Other programs include engineering courses with significant work-based learning elements at Sonoma Valley Unified School District, a hands-on course in two districts described as a "modern-day shop class" and a "farm-to-table" course integrating culinary arts and agriculture.
There are already more than 350 career technical education courses currently offered through 15 Sonoma County high schools, focusing on areas like agriculture, arts, building trades and health care, according to the Sonoma County Office of Education. Many of those courses attract the participation of private sector employers in various capacities.
"Yet it hasn't been very systematic, or aligned directly with the employment needs of our economy," said Stephen Jackson, director of career development and workforce preparation at the Office of Education, of the smattering of programs that exist throughout the county.
Leaders in establishing the CTE Fund describe it as an opportunity for fostering a new connection between regional employers and the county's public schools. Awards are allocated for programs that are carefully tailored to regional skill needs, creating an incentive for dialogue between schools and the private sector.
"We thought that we needed a specific infrastructure to fund career technical education. It's not like adding another section of English or math. You need specialized equipment and instructors -- it's expensive," said Mr. Jackson, whose work has included coordinating the larger focus for the private and public sectors in fostering those skills. "We haven't had a specific funding source outside of what we get from the state, but we have some specific needs."
Efforts are under way to pursue additional investment into the fund from employers, who will in turn receive a greater say in what programs are funded as part of an initial "founders circle," Mr. Jackson said.
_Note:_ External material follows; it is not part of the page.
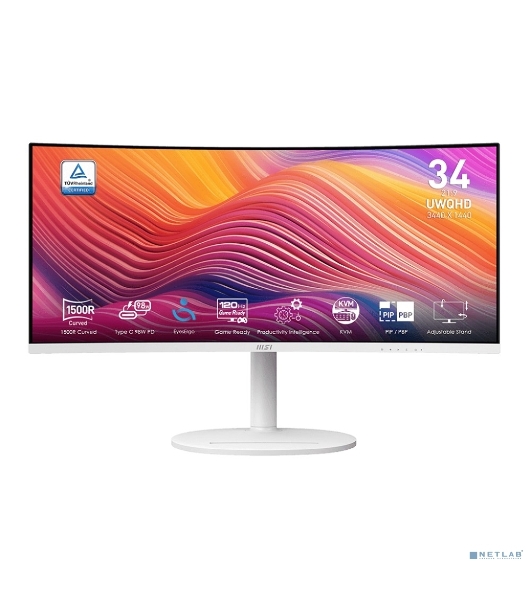 Монитор 34' MSI Modern MD342CQPW VA 3440x1440, 120 Гц, 4 мс, 21:9, 300 кд/м², 2xHDMI 2.0b, DP 1.4a, USB-C, USB Hub (2x USB 3.0), 3.5 Jack, динамики (2x3 Вт), Adaptive-Sync, изогнутый экран (1500R), белый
Talk of forming a public/private coalition focused on career technical education began as early as 2007, riding a growing interest that has since inspired the launch of programs like the Santa Rosa Chamber of Commerce's Mike Hauser Algebra Academy, Mr. Jackson said. Other groups focused on those efforts include regional colleges, the Sonoma County Workforce Investment Board, the county Economic Development Board, chambers of commerce and the North Coast Builders Exchange.